• _Data below_
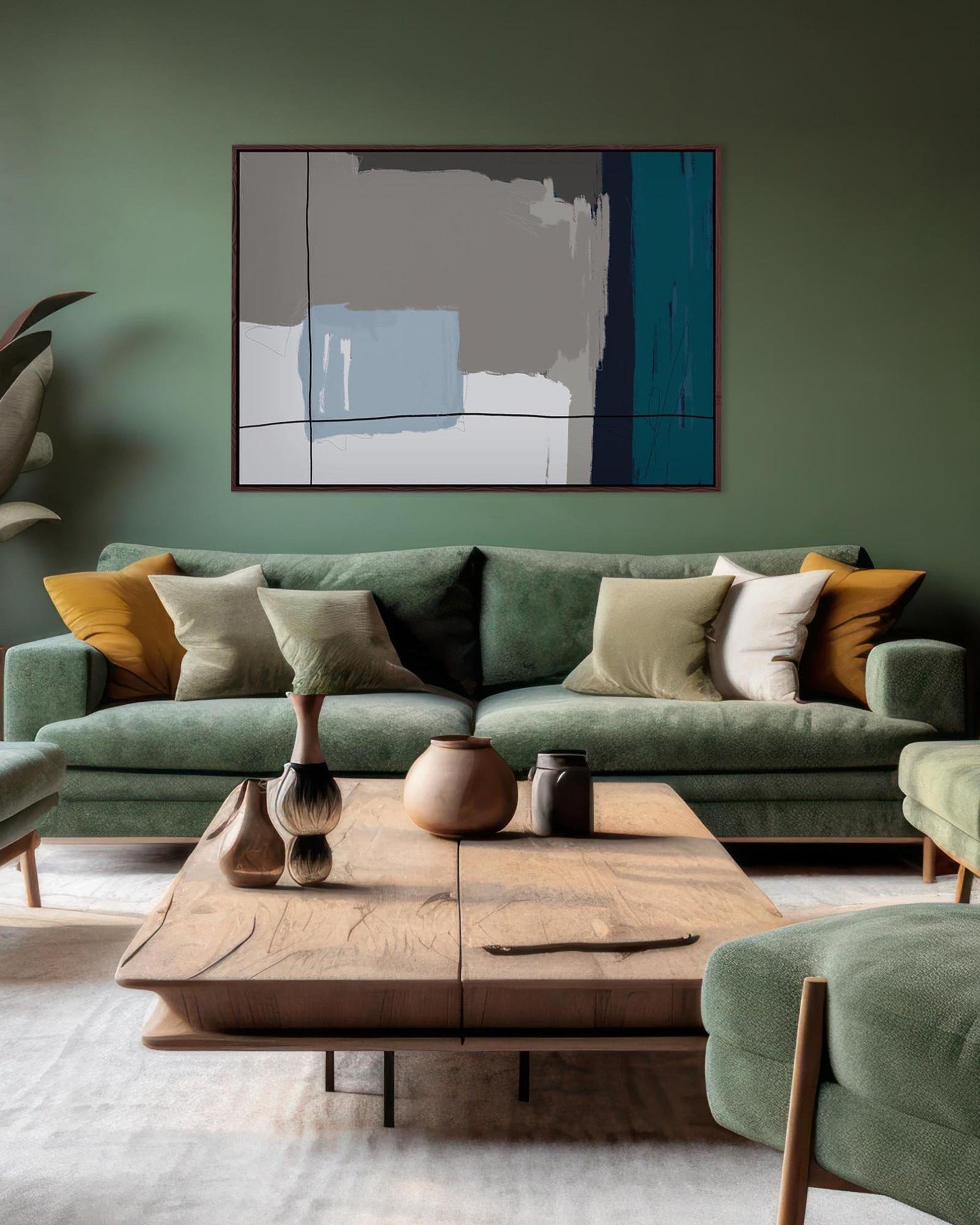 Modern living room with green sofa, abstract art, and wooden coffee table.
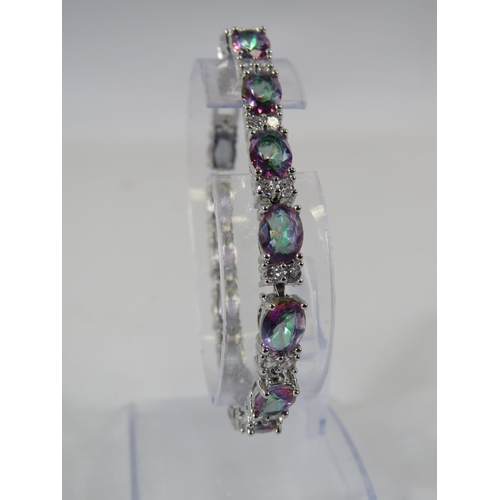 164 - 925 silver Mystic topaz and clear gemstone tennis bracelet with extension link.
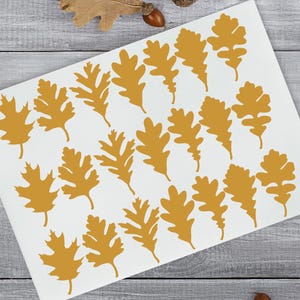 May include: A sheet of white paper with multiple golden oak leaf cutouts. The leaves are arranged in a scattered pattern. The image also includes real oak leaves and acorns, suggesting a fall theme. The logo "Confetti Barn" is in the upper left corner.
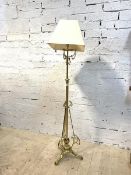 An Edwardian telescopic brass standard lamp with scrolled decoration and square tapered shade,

• _Brief_
Print only the lines from the line that contains "164 - 925 silver" to the final line of the data, inclusive. Pictures stay out.

• _Answer for the task_
 164 - 925 silver Mystic topaz and clear gemstone tennis bracelet with extension link.
 May include: A sheet of white paper with multiple golden oak leaf cutouts. The leaves are arranged in a scattered pattern. The image also includes real oak leaves and acorns, suggesting a fall theme. The logo "Confetti Barn" is in the upper left corner.
 An Edwardian telescopic brass standard lamp with scrolled decoration and square tapered shade,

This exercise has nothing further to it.